### [GIVEN INFORMATION]
□ □ □

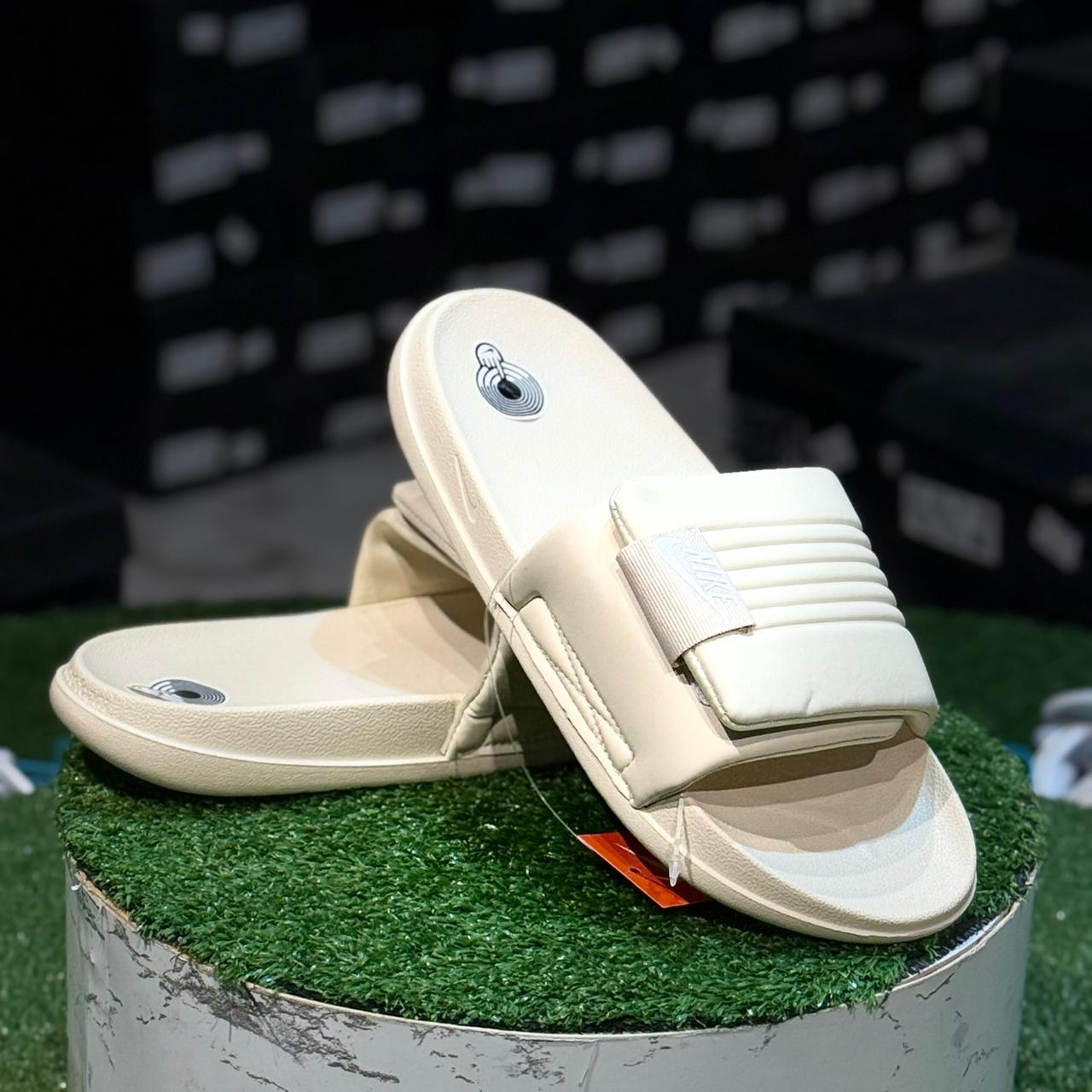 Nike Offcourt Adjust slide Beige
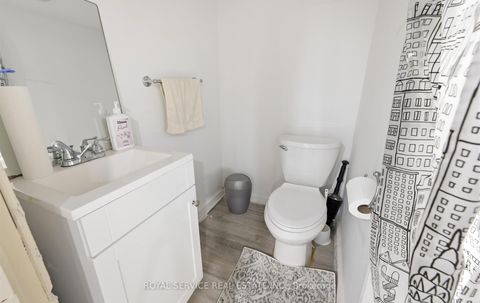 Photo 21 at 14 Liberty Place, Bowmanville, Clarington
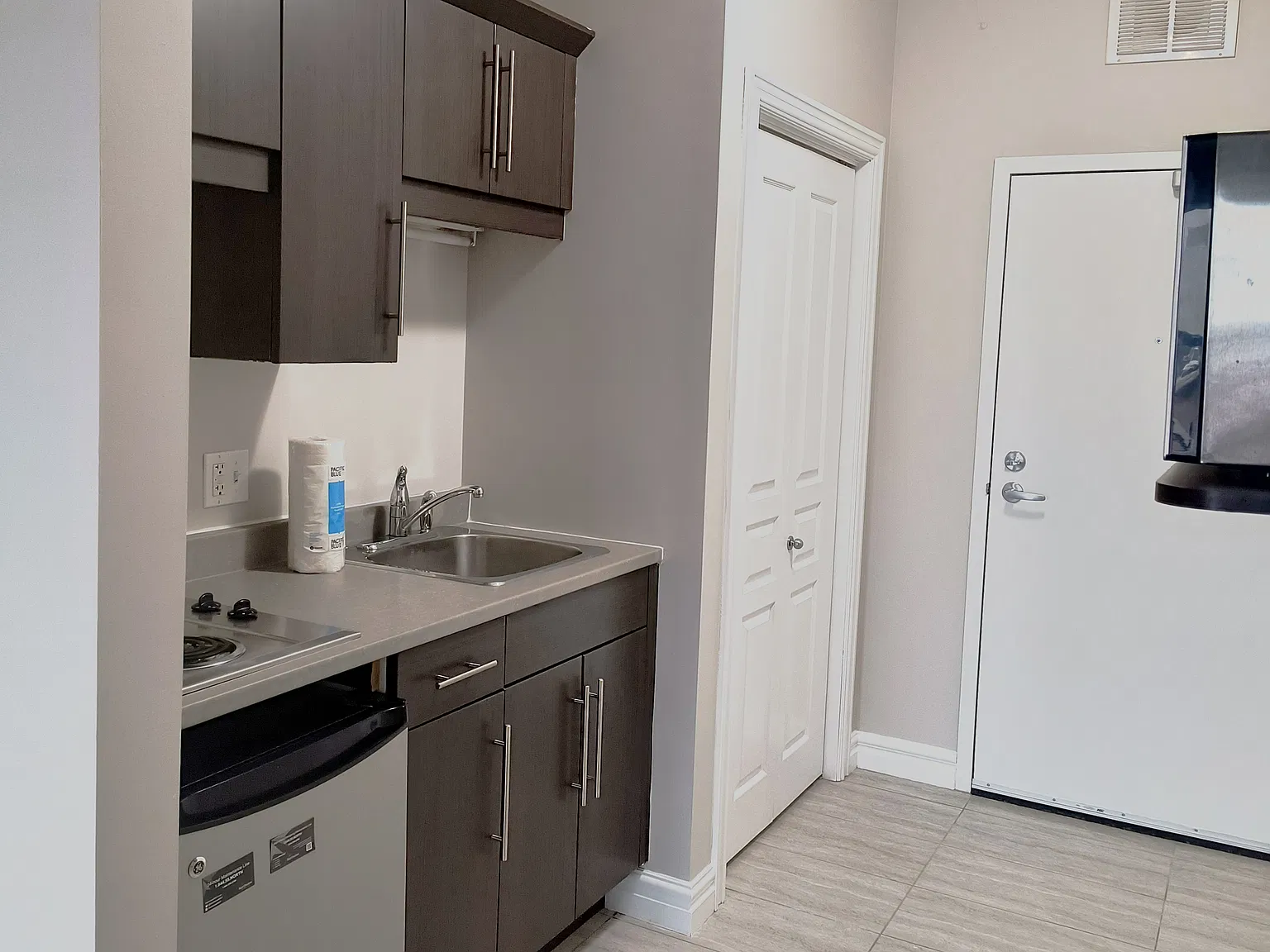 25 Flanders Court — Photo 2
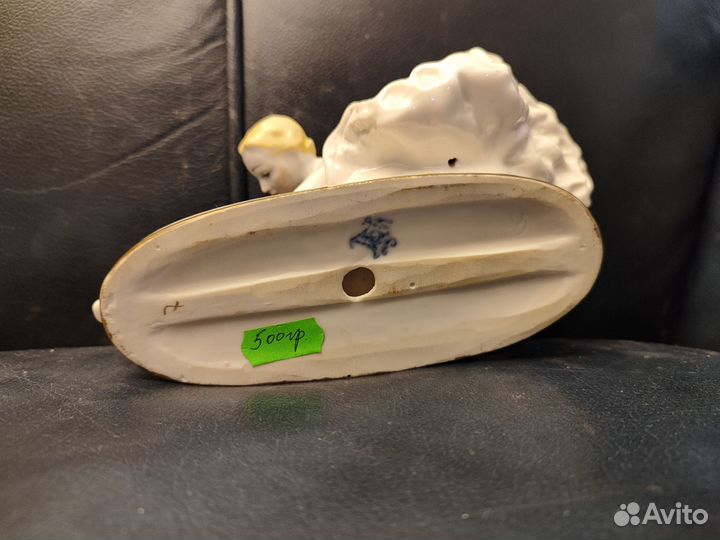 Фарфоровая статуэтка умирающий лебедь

□ □ □

### [TRY IT]
The result should be an exact copy of the material, containing no pictures.

### [SOLUTION TO THIS EXERCISE]
 Nike Offcourt Adjust slide Beige
 Photo 21 at 14 Liberty Place, Bowmanville, Clarington
 25 Flanders Court — Photo 2
 Фарфоровая статуэтка умирающий лебедь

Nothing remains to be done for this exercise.